The German state of Lower Saxony will start including Islam in its schools’ core curriculum as part of an initiative to counter growing anti-Islam sentiments in Europe.
Dr. Bernd Althusmann, Minister for Education at the northwestern state of Lower Saxony, announced that schools in the state will start including Islamic education in their main curriculum, the London-based Asharq al-Awsat reported Thursday.
“I think we will be able to start implementation by the academic year after the next ,” Althusmann said during a visit to an elementary school in the city of Hanover and in which he attended an Islamic education class.
For the time being, Islamic education has not exceeded a few experimental models in 42 schools in Lower Saxony.
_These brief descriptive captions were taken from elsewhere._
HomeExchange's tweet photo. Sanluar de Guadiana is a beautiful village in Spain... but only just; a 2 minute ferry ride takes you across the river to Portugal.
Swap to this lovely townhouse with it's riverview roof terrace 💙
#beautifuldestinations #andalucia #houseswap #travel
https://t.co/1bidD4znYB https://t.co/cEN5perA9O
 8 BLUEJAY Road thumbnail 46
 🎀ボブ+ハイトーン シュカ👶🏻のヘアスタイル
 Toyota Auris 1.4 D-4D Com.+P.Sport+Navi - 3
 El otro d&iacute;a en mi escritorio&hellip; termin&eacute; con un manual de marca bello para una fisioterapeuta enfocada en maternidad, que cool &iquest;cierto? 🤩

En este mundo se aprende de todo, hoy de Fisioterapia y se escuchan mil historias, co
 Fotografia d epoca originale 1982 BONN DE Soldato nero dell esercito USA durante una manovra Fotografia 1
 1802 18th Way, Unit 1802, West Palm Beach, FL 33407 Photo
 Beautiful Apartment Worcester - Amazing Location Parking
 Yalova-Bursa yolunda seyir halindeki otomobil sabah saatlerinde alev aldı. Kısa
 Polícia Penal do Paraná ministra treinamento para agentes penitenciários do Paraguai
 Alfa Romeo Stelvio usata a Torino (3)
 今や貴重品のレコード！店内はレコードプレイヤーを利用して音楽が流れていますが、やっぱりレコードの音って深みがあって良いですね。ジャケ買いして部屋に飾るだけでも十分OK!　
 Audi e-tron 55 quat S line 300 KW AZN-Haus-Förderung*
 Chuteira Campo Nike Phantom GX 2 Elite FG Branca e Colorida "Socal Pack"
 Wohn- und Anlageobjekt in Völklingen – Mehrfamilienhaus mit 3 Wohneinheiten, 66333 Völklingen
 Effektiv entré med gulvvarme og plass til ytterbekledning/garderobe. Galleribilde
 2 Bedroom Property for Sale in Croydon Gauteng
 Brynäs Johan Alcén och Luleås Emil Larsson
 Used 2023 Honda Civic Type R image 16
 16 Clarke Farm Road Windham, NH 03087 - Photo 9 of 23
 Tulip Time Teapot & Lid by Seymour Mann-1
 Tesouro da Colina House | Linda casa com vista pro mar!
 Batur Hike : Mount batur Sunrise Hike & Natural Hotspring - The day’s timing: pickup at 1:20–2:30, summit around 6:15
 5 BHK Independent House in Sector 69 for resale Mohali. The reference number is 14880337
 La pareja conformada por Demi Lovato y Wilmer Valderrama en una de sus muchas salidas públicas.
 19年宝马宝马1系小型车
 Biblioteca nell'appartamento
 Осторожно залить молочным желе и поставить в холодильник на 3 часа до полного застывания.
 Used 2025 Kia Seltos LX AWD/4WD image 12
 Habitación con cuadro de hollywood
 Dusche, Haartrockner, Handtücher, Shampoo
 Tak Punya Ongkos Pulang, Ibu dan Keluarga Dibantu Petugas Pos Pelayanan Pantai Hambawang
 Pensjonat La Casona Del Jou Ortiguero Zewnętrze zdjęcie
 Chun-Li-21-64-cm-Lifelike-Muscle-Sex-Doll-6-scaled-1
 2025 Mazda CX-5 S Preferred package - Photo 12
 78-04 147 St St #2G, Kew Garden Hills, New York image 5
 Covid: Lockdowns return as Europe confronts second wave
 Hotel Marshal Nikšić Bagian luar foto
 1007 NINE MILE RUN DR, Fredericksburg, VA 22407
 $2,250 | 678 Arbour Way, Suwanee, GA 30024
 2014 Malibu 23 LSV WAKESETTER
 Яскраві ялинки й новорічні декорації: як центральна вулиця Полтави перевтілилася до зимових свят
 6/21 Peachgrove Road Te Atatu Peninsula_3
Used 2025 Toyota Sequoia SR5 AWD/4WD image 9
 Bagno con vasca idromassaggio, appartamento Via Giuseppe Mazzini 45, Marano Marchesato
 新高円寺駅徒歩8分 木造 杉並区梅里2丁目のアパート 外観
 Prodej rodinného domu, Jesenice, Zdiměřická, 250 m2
Almost 2,000 Muslim students in these schools currently get Islamic education in the state.
The initiative was triggered by recent waves of anti-Islam sentiments, especially with the recent establishment of a conservative party modeled after the Dutch Part for Freedom led by controversial MP Geert Wilders whose movie Fitna outraged Muslims all over the world.
The new party, called Freedom, was founded by Berlin MP René Stadtkewitz who was kicked out of Angela Merkel’s Christian Democratic Union for his views against Islam and for inviting Geert Wilders to give a speech in Berlin.
Stadtkewitz, 45, said that Islam is the reason why immigrants fail to integrate into the German society because of its rejection of different views.
“Islam is not just a religion, it’s also a political system. Islam is intolerant towards those who think differently,” he said in statement following the foundation of the party.
Culture of fear
Anti-immigration parties are not new to Europe. France’s National Front Party under the leadership of Jean-Marie Le Pen and Italy’s North League.
According to Dominique Moisi, founder and senior advisor at the Paris-based French Institute for International Relations, this anti-Islamic trend is not new to Europe , but has only been gaining more momentum in recent years.
For Moisi, it is the culture of fear that determines the way the West perceives Muslims.
“One encounters, in varying degrees, a fear of the other, a fear of the future, and a fundamental anxiety about the loss of identity in an increasingly complex world,” he wrote in his article entitled “The Clash of Emotions.”
This fear, experts argue, has increased since the onset of the global financial crisis. European politicians, they add, take advantage of the situation and capitalize on this fear in order to incite hatred against Muslims.